Nalli Sonnenschein

Systemrelevant? Corona Tagebuch, Woche 7

systemrelevant

Liebes Tagebuch,

ich habe viel über Systemrelevanz nachgedacht in letzter Zeit. Immerhin ist dieses Wort seit der ersten Woche Ausganssperre und Kontaktverbot in aller Munde. Als wir außer den lebensnotwendigen Angeboten alle Geschäfte zu gemacht haben, war sehr schnell klar, wer systemrelevant ist: Krankenschwestern, Verkäuferinnen und Virologen.

Mich hat das Wort von Anfang an mega genervt. Es hat ein bisschen gedauert, bis ich für mich sortiert hatte, warum.

Systemrelevant – relevant für das System

Zuerst dachte ich, es liegt an dem System, für das bestimmte Berufe neuerdings als relevant gelten. Nach dem Motto: Warum ist Systemrelevanz überhaupt erstrebenswert? Das System ist doch Bockmist! Wir sind als Spezies auf dem besten Weg, unsere Lebensgrundlagen zu zerstören und feiern ausgerechnet die, die dabei am meisten Schaden anrichten. Oder uns am besten davon ablenken, welchen Schaden sie anrichten.

Regierungen mitten in Europa drehen die Frauenrechte zurück. Junge Menschen trauen sich nicht, in der Kneipe jemanden um seine Telefonnummer zu bitten, aber treffen sich nach einem Tinder-Match zum Beischlaf. An der Außengrenze der EU ertrinken flüchtende Menschen, weil wir denken, dass man so weitere von Flucht oder Migration abhalten kann, und weil es die EU nicht schafft, sich auf einen vernünftigen Umgang mit diesen Menschen zu einigen. Und sei der nur, zügig ihre Anträge zu bearbeiten und sie zurück zu schicken, ohne dass sie jämmerlich ersaufen.

Da möchte ich doch gar nicht systemrelevant sein!

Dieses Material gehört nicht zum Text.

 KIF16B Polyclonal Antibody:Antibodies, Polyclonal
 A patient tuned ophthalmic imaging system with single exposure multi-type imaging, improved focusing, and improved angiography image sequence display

Hätte, würde, könnte ich systemrelevant sein

Vielleicht bin ich aber auch nur getriggert, weil ich es eben auch nicht bin. Ich habe keinen der derzeit als systemrelevant bezeichneten Berufe. Dabei hätte ich gern Medizin studiert. Ärzte werden zwar derzeit selten mitgenannt, denn sie ruinieren das Bild der sich aufopfernden Pflegerin. Pfleger werden nämlich auch nicht mitgenannt. Aber natürlich sind auch Ärzte und Ärztinnen derzeit an vorderster Front im Einsatz. Mein Abi war aber leider so schlecht, dass ich für das Medizinstudium zum Bund gehen und mich für ewig und drei Tage hätte verpflichten müssen

Wenn ich also nicht gekniffen hätte, damals, könnte ich jetzt systemrelevant Ärztin sein. Orthopädie hätte ich gewählt, und dann wäre ich Notfallchirurgin geworden. Ich hätte vielleicht meinen Mc Sexy oder Mc Dreamy gefunden, würde zusammen mit tollen Freunden arbeiten, die alle denselben Beruf haben wie ich. Keiner arbeitet in der Verwaltung. Würde täglich Menschenleben retten und in einem Häuschen am Stadtrand wohnen mit Jägerzaun drum herum und SLK Cabrio vor der Tür. Vielleicht wäre ich auch im Auslandseinsatz in Kabul über eine Landmine gefahren und hätte nie die Chance gehabt, meine Berufswahl zu überdenken und auf die Bühne zu gehen.

Systemrelevant gekniffen

Aber die Debatte um systemrelevante Berufe konfrontiert mich damit, dass ich mich anders entschieden habe. Weil meine Lebenssituation damals war, wie sie war. Und das ganze Gelaber über Relevanz in diesem System, in dem man keine Chance auf Hilfe hat, solange man nicht mit einem Stein um den Hals auf dem Meeresgrund aufsetzt, geht mir in solchen Momenten einfach nur auf die Eierstöcke!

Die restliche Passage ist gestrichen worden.